Compared to running the same workload on EC2, Fargate proved to be more cost-efficient, especially since it avoided the operational burden of managing EC2 instances.
Unlike Lambda, which spins up and tears down execution contexts, Fargate tasks remain provisioned and continuously running, making them well-suited for latency-sensitive workflows like device unlocks
In short, Fargate gave them the control and performance of EC2, without the ops overhead of managing VMs.
The hardest part of this evolution was surgically moving life traffic to the newer services. The team had to create feature flags to support both the flows. This meant that every time they introduced a new service, they had to slowly migrate traffic to the newer service.
To make things clear, Lambda wasn’t completely abandoned. There are still a few use cases that rely on Lambda, such as:
One-time device JITR registration that happens at the factory.
During installation, they also take the image of where the device is installed. The post-processing to scan for malware/size resolution is still a Lambda function.
Together, cellular hardware and containerized backend unlocked a new class of capabilities such as:
Faster unlock response times (<1.5s consistently).
Global expansion without localized network constraints.
The ability to handle edge cases gracefully, like intermittent connectivity, retries, and failovers.
It also laid the foundation for the next evolution: breaking the system into modular services, standardizing workflows, and monitoring what matters.

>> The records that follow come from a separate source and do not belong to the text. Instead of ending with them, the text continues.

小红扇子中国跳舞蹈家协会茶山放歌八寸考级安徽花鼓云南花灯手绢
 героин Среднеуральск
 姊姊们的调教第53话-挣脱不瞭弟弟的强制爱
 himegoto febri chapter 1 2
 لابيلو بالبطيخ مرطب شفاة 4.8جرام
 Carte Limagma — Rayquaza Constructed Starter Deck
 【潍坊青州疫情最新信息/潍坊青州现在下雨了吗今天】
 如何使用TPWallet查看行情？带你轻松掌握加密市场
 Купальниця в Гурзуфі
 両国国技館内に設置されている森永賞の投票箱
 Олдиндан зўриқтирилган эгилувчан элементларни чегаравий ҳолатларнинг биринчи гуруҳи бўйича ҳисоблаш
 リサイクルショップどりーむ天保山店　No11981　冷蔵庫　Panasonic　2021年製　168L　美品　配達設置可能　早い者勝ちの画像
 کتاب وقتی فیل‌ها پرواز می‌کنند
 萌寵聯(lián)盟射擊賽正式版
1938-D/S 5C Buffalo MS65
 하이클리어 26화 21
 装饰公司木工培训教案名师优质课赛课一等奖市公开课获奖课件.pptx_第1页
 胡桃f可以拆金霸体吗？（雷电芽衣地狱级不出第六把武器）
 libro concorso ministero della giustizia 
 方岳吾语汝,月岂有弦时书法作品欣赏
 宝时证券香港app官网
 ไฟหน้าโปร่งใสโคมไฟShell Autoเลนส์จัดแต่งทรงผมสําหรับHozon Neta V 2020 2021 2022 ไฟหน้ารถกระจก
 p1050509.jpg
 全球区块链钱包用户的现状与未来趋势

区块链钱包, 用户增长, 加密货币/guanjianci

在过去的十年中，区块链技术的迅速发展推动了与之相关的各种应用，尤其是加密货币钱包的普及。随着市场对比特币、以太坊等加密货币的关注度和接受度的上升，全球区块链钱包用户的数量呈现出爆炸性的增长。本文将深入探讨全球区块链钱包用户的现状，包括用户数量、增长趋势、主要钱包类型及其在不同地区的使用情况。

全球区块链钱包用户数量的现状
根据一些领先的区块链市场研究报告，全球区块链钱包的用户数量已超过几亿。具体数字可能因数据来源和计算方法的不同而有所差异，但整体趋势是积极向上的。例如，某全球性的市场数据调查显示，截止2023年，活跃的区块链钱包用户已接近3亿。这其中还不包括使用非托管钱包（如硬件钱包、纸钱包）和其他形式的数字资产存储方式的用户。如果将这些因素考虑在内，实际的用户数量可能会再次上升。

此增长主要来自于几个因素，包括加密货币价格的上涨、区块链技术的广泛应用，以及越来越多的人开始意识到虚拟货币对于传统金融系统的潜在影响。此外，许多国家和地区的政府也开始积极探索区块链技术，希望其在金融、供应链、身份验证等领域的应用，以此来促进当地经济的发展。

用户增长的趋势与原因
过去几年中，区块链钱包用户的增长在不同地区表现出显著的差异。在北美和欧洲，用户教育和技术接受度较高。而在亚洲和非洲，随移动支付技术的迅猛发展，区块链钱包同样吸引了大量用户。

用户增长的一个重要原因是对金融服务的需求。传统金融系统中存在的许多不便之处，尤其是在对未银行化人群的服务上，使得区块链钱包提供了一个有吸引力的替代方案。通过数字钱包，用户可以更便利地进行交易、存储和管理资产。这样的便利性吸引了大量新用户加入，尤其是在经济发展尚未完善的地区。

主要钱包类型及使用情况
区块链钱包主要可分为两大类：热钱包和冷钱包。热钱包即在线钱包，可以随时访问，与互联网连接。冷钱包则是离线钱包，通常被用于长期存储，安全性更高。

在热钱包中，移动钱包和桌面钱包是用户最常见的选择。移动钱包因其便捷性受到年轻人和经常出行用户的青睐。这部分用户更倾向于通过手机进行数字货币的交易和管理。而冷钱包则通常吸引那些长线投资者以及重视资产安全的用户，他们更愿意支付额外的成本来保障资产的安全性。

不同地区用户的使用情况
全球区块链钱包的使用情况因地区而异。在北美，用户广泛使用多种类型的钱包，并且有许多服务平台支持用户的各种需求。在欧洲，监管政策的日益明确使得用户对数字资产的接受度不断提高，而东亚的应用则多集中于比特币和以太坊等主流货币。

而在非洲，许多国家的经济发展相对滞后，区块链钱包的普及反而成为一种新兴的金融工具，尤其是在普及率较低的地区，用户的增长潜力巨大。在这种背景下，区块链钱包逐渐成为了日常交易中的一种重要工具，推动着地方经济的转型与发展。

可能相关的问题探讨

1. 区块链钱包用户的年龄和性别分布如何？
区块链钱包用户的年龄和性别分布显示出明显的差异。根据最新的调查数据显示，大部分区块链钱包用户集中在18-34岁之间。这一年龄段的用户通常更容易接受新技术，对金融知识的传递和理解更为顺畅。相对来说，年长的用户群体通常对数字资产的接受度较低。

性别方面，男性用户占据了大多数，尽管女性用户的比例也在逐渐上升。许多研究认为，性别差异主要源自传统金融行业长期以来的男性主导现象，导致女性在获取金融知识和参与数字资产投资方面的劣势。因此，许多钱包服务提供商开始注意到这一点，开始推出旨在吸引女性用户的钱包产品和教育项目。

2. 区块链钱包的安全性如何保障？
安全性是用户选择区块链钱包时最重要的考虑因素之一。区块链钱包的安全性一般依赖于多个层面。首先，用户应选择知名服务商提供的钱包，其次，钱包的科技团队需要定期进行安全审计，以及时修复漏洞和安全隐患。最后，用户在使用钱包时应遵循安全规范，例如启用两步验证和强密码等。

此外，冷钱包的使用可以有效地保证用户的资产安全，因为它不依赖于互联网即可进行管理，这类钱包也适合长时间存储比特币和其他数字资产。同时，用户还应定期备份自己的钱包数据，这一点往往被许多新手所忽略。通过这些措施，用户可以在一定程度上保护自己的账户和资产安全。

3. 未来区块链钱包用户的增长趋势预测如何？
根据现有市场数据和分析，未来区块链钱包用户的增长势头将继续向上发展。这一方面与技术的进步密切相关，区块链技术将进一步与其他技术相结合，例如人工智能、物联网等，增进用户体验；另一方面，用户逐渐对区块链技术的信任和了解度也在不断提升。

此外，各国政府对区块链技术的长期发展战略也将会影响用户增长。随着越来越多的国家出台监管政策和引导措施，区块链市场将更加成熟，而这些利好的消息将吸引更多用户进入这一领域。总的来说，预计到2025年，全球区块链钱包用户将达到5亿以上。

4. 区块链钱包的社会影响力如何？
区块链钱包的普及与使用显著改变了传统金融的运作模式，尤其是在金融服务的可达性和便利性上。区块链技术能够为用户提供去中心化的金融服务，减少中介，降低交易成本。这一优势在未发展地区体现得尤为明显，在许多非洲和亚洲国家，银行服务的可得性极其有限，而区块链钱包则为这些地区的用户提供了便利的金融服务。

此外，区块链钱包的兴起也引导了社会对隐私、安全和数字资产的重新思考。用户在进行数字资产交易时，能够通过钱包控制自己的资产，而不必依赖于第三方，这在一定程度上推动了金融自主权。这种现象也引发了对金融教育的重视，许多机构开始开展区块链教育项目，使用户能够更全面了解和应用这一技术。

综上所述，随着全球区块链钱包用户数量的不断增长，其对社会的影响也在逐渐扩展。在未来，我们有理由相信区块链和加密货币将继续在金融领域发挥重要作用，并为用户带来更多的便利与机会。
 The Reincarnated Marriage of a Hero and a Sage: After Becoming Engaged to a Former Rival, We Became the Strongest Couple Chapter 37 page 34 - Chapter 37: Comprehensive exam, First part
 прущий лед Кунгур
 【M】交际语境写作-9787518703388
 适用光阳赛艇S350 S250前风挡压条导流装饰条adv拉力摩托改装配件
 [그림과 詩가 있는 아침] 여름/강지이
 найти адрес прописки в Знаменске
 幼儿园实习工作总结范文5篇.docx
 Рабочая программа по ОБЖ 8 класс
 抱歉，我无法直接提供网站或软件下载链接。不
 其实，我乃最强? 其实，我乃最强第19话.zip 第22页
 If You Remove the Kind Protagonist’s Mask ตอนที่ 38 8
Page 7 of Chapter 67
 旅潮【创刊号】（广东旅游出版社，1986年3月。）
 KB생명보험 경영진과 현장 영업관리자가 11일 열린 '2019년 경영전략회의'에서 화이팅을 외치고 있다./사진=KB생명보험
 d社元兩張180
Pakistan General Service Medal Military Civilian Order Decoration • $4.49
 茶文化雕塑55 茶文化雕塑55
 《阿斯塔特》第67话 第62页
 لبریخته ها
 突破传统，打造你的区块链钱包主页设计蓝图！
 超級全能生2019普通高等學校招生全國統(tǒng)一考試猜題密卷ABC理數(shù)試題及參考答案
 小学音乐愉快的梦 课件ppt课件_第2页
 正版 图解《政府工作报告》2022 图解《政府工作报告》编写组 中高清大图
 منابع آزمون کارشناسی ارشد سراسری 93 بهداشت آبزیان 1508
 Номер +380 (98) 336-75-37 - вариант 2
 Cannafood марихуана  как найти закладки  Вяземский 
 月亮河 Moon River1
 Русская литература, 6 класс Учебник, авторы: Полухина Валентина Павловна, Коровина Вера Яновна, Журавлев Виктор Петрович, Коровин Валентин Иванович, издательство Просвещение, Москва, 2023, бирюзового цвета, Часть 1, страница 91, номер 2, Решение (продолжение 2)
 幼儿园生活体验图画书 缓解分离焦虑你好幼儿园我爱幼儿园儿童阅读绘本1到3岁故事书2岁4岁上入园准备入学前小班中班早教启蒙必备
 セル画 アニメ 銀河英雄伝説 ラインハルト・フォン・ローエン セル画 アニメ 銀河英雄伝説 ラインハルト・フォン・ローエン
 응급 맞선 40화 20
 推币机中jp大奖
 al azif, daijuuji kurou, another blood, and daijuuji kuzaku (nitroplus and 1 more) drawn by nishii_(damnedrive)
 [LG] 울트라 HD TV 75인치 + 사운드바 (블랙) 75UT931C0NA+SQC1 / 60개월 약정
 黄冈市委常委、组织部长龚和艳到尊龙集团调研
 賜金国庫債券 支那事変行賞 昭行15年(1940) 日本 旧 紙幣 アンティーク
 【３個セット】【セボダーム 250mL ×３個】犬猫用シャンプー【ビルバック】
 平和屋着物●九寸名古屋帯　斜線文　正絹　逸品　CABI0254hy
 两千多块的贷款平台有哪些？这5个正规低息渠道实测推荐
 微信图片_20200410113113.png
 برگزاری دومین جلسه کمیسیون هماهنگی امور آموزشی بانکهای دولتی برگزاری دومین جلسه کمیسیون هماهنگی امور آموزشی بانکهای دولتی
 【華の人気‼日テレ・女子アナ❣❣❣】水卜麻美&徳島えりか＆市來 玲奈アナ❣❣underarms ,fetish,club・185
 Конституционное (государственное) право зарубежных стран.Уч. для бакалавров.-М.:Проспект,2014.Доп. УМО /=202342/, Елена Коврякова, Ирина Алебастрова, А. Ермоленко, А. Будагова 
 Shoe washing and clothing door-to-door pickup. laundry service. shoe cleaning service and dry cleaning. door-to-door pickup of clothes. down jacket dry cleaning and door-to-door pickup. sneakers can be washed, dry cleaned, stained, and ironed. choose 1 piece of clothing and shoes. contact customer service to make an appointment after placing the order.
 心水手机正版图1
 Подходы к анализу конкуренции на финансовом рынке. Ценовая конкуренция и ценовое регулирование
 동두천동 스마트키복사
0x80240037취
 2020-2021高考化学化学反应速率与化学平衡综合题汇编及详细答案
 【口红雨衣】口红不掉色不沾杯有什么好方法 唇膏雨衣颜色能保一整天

The move to ECS Fargate was also a chance to break apart the system into clean, well-scoped services. Amazon Key went from a collection of Lambda functions to a cohesive service-oriented architecture that could be evolved in the future.
See the diagram below for a high-level view of the system running on ECS Fargate:
This wasn’t microservices for microservices’ sake. Each service took care of a real need. Here are the details of the key services that were a part of the overall architecture:
This service was developed to simplify the installation process and support onboarding new properties into the Amazon Key backend.
This service handles requests originating from the Flex App when a delivery is scheduled to an Amazon Key-enabled property. It also enabled the system to support international launches by managing region-specific traffic routing.
This service maintains the relationships between gates, properties, and devices. It also manages mappings with Amazon Logistics and associated job workflows such as installation and maintenance.
Built on top of AWS IoT, this service provided a wrapper around commands sent to devices. It supported both synchronous and asynchronous APIs and streamed device performance metrics into Redshift for analysis.
This service listens to events from the Access Management Service and onboards properties into the Amazon Logistics system, allowing them to be used in routing and delivery workflows.
This service provides pipelines for deploying firmware updates to devices in the field. It supported two modes:
One-time OTA used to test firmware with a small cohort of devices.
Campaign-based OTA, which rolled out updates across device pools grouped by geographical location until all were up to date.
The Flex App is used by Amazon delivery associates to complete package deliveries. It integrates with Amazon Key to support access control during deliveries.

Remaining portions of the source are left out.